Non-Probability Sampling

All non probabilities of selection, which make it difficult to make inference on selection. 

1. Opt-in Web Surveys
2. Quota Sampling
3. Snowball sampling
4. Convenience sampling (collecting data from people on the street, or classes, no probabilites of selection)

Main problem - no statistical basis for making inference about the target population, high potential for bias

**Why Probability Sampling?**

Random selection of population units protects us against bias from the sample selection mechanism, allows us to make population inferences based on sampling distributions. 

**Big Idea**

With careful sample design, probability samples yield representative, realistic, random samples from larger populations, and such samples have important properties. 

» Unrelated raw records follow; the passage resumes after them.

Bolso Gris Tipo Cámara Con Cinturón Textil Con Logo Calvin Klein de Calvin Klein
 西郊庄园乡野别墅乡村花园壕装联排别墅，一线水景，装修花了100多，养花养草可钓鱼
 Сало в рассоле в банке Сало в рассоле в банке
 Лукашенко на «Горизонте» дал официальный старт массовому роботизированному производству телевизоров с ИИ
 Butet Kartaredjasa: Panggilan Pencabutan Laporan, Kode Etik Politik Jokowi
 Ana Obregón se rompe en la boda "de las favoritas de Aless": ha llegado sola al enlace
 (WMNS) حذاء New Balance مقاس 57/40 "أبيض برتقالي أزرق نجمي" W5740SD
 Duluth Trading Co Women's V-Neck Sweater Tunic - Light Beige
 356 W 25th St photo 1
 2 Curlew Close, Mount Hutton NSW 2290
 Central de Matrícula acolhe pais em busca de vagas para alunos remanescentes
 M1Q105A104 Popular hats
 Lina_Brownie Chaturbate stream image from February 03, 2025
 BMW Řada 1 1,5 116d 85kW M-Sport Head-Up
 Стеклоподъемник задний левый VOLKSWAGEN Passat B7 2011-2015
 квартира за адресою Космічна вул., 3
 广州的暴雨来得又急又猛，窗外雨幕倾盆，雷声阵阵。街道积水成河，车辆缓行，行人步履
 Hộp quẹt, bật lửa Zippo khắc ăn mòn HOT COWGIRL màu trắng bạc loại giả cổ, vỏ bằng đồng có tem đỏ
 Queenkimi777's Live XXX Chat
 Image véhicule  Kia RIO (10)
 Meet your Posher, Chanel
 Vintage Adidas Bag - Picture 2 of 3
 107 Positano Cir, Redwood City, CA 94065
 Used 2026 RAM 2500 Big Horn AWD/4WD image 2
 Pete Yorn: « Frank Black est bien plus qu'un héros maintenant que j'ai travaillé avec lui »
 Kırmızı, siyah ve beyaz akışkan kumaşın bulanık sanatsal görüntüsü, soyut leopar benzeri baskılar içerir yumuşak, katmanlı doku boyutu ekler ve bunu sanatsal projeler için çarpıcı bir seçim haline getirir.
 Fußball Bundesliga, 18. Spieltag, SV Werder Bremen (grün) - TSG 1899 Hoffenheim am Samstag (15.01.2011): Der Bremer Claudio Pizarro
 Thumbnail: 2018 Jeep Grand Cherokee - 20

**Simple Random Sampling (SRS)**, and links to i.i.d (independent and identically distributed) data

Obtaining a representative selection of values from a possible sample of data. 

- With SRS we start with a known list of $N$ population units, and randomly select $n$ units from the list. 
- Every unit has **equal probability of selection** = $\frac{n}{N}$
- All possible samples of size $n$ are equally likely
- Estimates of means, proportions, and totals based on SRS are unbiased (equal to the population values on average)

- Can be with replacement or without replacement
- For both: probability of selection for each unit still $\frac{n}{N}$

- SRS rarely used in practice ~ collecting data from $n$ randomly samples units in large populations can be expensive

SRS is usually done when samples are smaller and less expensive to do so. 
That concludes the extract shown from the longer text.